Today’s Times leader (paywall) says that Scots want a Labour-SNP coalition and that Labour’s leadership wants the same. It concludes that the SNP would use its influence in or on government to de-stabilise the UK, and that the net effect of a Labour-SNP arrangement would be harmful for everyone.
Certainly, the SNP is currently polling at just under half of the Scottish vote and it’s fair to assume that at least a small minority of loyal Labour voters secretly also want a Labour-SNP outcome.
It’s true, too, that the SNP would demand many extra goodies for Scotland in return for a deal. Indeed, if the SNP chose actual coalition – holding real power rather than carping from the sidelines – then it would add to its control of the Scottish government machinery that of a UK government department or two, and possibly even have Alex Salmond as Deputy Prime Minister. Every piece of UK legislation and every ministerial decision that benefitted Scotland would be sold to, and seen by, most Scots through the prism of the original deal. The SNP would rise higher into the ascendant in Scotland. Voters elsewhere in the UK would resent the Scots for their command of a disproportional amount of national resources.
However, The Times fails to describe the likely effect on the union of a Tory or Tory/Lib Dem coalition.
If Scots return one Tory or none at all (it’s 23 years since they did anything else) and perhaps a couple of Lib Dems, and if these two parties form the UK government, it will be impossible for Labour to prevent Scottish popular opinion from swinging decisively behind independence. This change will happen very fast, as both Labour and the SNP attack daily a UK government with tiny support in Scotland.

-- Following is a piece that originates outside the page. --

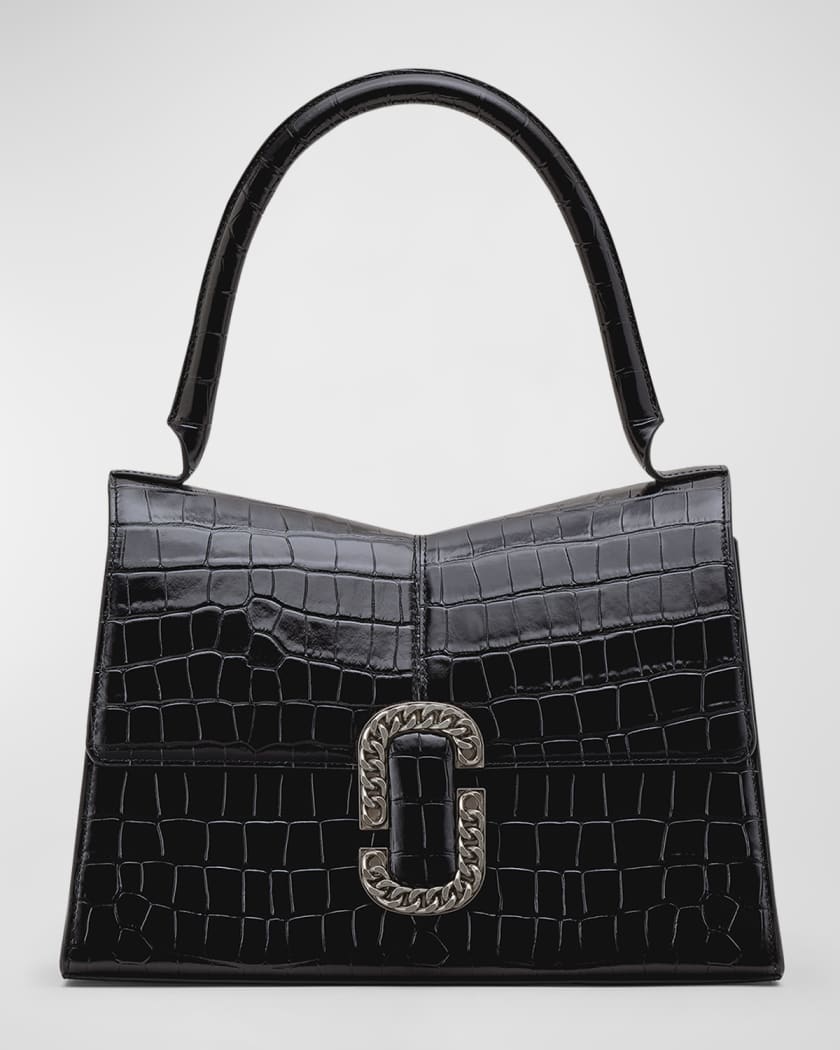 Marc jacobs new arrivals embossed bag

A second successive UK election defeat for Labour – in these volatile times – would convince many of those who will vote Labour in May that a future Labour vote will be a wasted one. Such people will lose faith in the UK as a political construct, and at the same time be far more prepared to swallow their fears about independence. They will put their faith in the SNP both to “fight for Scotland’s different values” and push for another independence referendum, telling themselves they might vote Labour again in an independent Scotland. Meanwhile, the easy, anti-Tory vitriol in Scotland (much of it expressed, anachronistically, as anti-Thatcher) would reach ever-greater heights and could easily become something much worse still.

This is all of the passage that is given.